Since we assumed $C$ is continuously differentiable, $\dot{c}$ is continuous (and thus uniformly continuous) by definition, as is $\|\dot{c}\|_1$. Therefore there exists a number $\delta > 0$ such that if $t_{i} - t_{i-1} < \delta$, then $|\|\dot{c}(t)\|_1 - \|\dot{c}(\frac{t_{i-1} + t_i}{2})\|_1| < \epsilon$ for all $t \in [t_{i-1},t_i]$. This implies that \[\int_{t_{i-1}}^{t_i} \|\dot{c}(t)\|_1dt \le \int_{t_{i-1}}^{t_i} \left(\|\dot{c}(\frac{t_{i-1} + t_i}{2})\|_1 + \epsilon\right)dt = (t_i - t_{i-1})\left(\|\dot{c}(\frac{t_{i-1} + t_i}{2})\|_1 + \epsilon\right).\]
Plugging this back in to our main equality, and noting that as $N \to \infty$ all of the values $t_i - t_{i-1}$ will become less than any fixed number $\delta > 0$, we get that for any $\epsilon > 0$, \[\frac{L_1(C)}{L_2(C)} \le \limsup_{N \to \infty} \max_i \frac{(t_i - t_{i-1})\left(\|\dot{c}(\frac{t_{i-1} + t_i}{2})\|_1 + \epsilon\right)}{t_i - t_{i-1}} = \limsup_{N \to \infty} \max_i \|\dot{c}(\frac{t_{i-1} + t_i}{2})\|_1 + \epsilon.\]
Since this was true for any $\epsilon > 0$, it must be true that $\frac{L_1(C)}{L_2(C)} \le \limsup_{N \to \infty} \max_i \|\dot{c}(\frac{t_{i-1} + t_i}{2})\|_1$.
Note that for any fixed $K \ge 0$, the set $\{a + \frac{2i + 1}{2N}L_2(C): N > K, 0 \le i \le N-1\}$ is dense in $[a,b]$. Since this is exactly the set of points that $\|\dot{c}\|_1$ is being evaluated over in the limsup, and $\|\dot{c}\|_1$ is continuous on $[a,b]$, this implies \[\limsup_{N \to \infty} \max_i \|\dot{c}(\frac{t_{i - 1} + t_i}{2})\|_1 = \sup_{t \in [a,b]} \|\dot{c}(t)\|_1 = \sup_{t \in [a,b]} \frac{\|\dot{c}(t)\|_1}{\|\dot{c}(t)\|_2}.\]
We're essentially done. The next step is to notice that $\dot{c}(t)$ is a nonzero vector based at $c(t)$. So, certainly $\frac{\|\dot{c}(t)\|_1}{\|\dot{c}(t)\|_2} \le \sup_{v_p \ne 0_p} \frac{\|v_p\|_1}{\|v_p\|_2}$, and we get \[\frac{L_1(C)}{L_2(C)} \le \sup_{v_p \ne 0_p} \frac{\|v_p\|_1}{\|v_p\|_2}.\]

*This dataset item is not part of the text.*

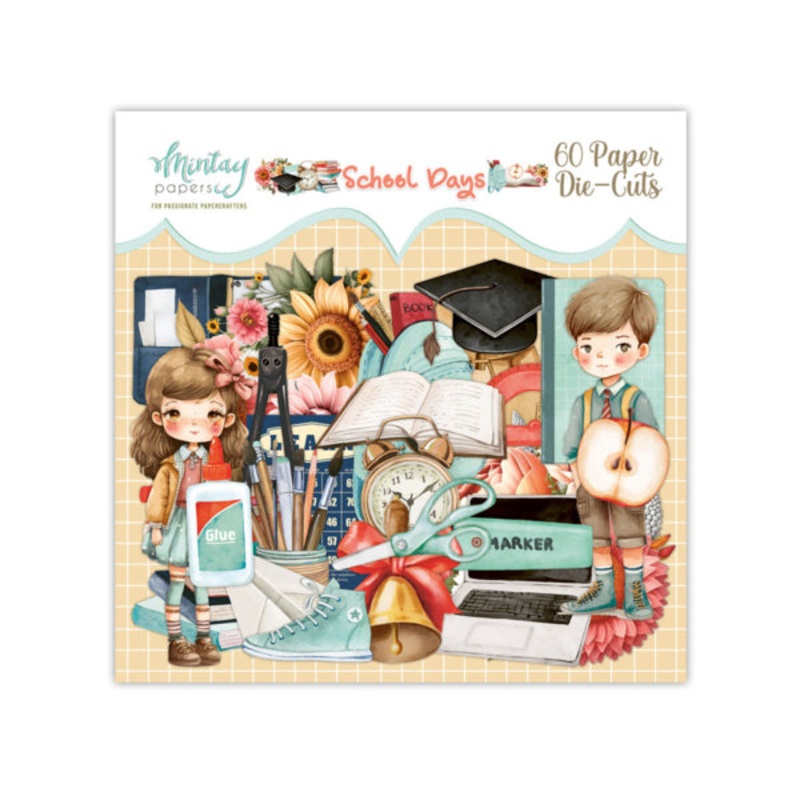 MINTAY PAPERS PAPER DIE-CUTS – SCHOOL DAYS, 60 PCS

Our task now is to get the reverse bound. Let ${v_i}_{p_i}$ be a sequence of nonzero vectors such that $\lim_{i \to \infty} \frac{\|{v_i}_{p_i}\|_1}{\|{v_i}_{p_i}\|_2} = \sup_{v_p \ne 0_p} \frac{\|v_p\|_1}{\|v_p\|_2}$. For each $i$, let $\gamma_i: [0,1] \to \mathbb{R}^n$ be a smooth curve such that $\gamma_i(0) = p_i$, $\dot{\gamma}_i(0) = \frac{{v_i}_{p_i}}{\|{v_i}_{p_i}\|_2}$, and $\gamma_i$ is parameterized by its $\|\cdot\|_2$ arc length. Such a curve could be found, for instance, by taking the curve $\hat{\gamma}_i(t) = p_i + t {v_i}_{p_i}$ for $t \in [0,\infty)$, reparameterizing it by its $\|\cdot\|_2$ arc length, and then restricting to the interval $[0,1]$.

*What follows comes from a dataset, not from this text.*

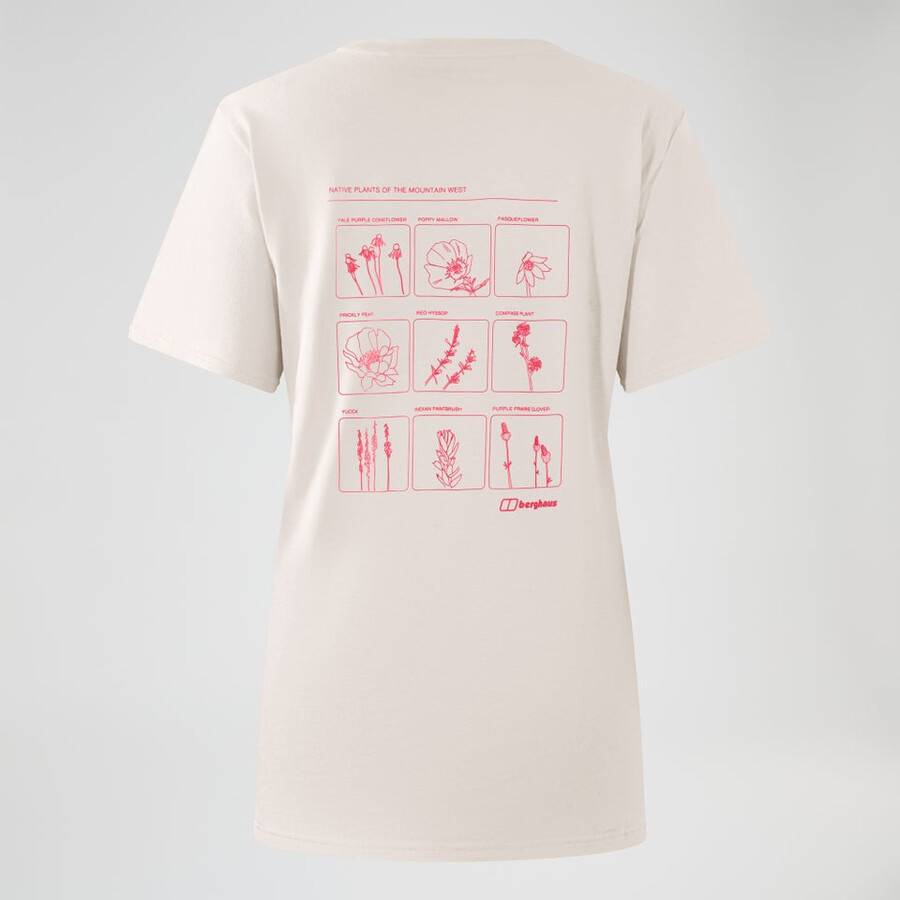 le donne di monte botanica short sleeve tee grigio berghaus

We already know that $L_1(\gamma_i([0,\delta])) = \int_0^\delta \|\dot{\gamma}_i(t)\|_1dt$ for any $\delta > 0$. We also know that, because $\dot\gamma_i$ is continuous, for any $\epsilon > 0$ there exists a value $\delta_i(\epsilon) > 0$ such that if $t < \delta_i(\epsilon)$, then $| \|\dot\gamma(t)\|_1 - \|\dot{\gamma}(0)\|_1 | < \epsilon$. Therefore, we have \[\begin{align*} \frac{\|{v_i}_{p_i}\|_1}{\|{v_i}_{p_i}\|_2} = \|\dot{\gamma}(0)\|_1 &= \frac{\delta_i(\epsilon) \|\dot{\gamma}(0)\|_1}{\delta_i(\epsilon)} \\ &\le \frac{\int_0^{\delta_i(\epsilon)} \|\dot{\gamma}_i(0)\|_1dt}{\delta_i(\epsilon)}\\ &\le \frac{\int_0^{\delta_i(\epsilon)} \left(\|\dot{\gamma}_i(t)\|_1 + \epsilon\right)dt}{\delta_i(\epsilon)}\\ &= \frac{L_1(\gamma_i([0,\delta_i(\epsilon)]))}{L_2(\gamma_i([0,\delta_i(\epsilon)]))} + \epsilon \end{align*}\]

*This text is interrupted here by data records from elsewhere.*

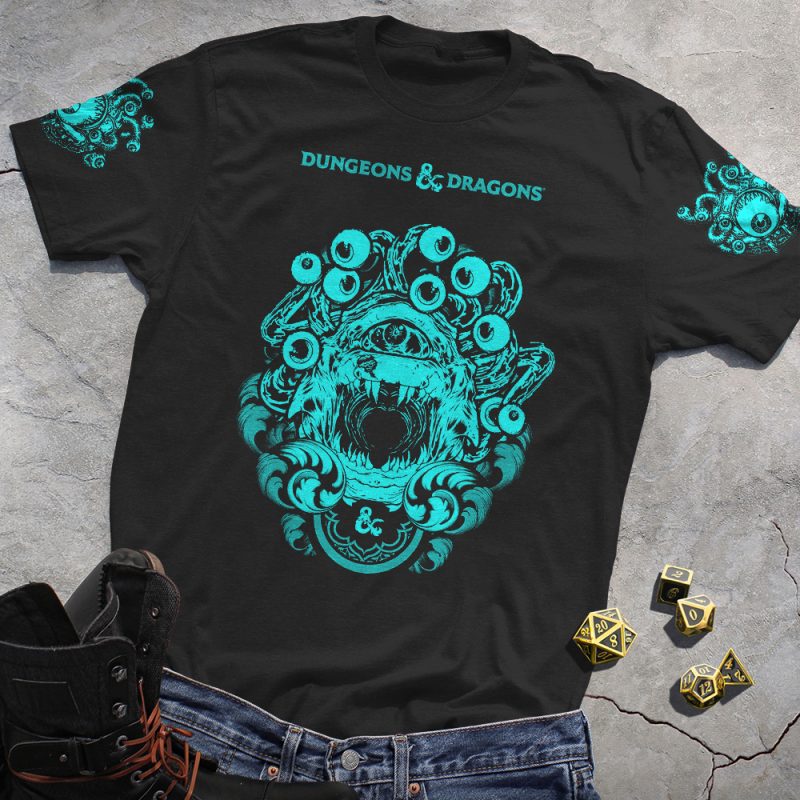 DND Beholder New Design Print Tee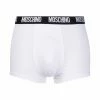 Moschino logo-waistband stretch-cotton boxers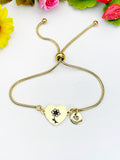Cosmos Flower Gold Bracelet – Dainty Floral Jewelry for Women, N623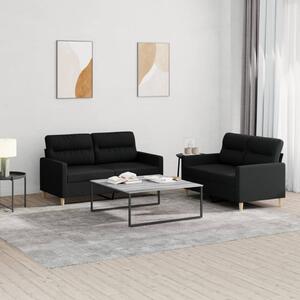 Maison Exclusive – 2-dielna sedacia súprava s vankúšmi, čierna látka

So, taking $C_i^\epsilon = \gamma_i([0,\delta_i(\epsilon)])$, \[\sup_{v_p}\frac{\|v_p\|_1}{\|v_p\|_2} = \lim_{i \to \infty} \frac{\|{v_i}_{p_i}\|_1}{\|{v_i}_{p_i}\|_2} \le \lim_{i \to \infty} \frac{L_1(C_i^\epsilon)}{L_2(C_i^\epsilon)} + \epsilon \le \sup_C \frac{L_1(C)}{L_2(C)} + \epsilon.\]
This was true for any $\epsilon > 0$, so it is true that $\sup_{v_p \ne 0_p} \frac{\|v_p\|_1}{\|v_p\|_2} = \sup_C \frac{L_1(C)}{L_2(C)}$. $\Box$
And there we have it: the supremum of the ratio between the lengths of continuously differentiable curves measured by two Finsler metrics is equal to the supremum of the ratio between the lengths of vectors measured by those Finsler metrics. While not exactly surprising, a full non-handwave proof required some proper real analysis. It's also a useful result, since directly bounding the ratio between lengths of curves is nigh impossible compared to bounding the ratio between lengths of vectors.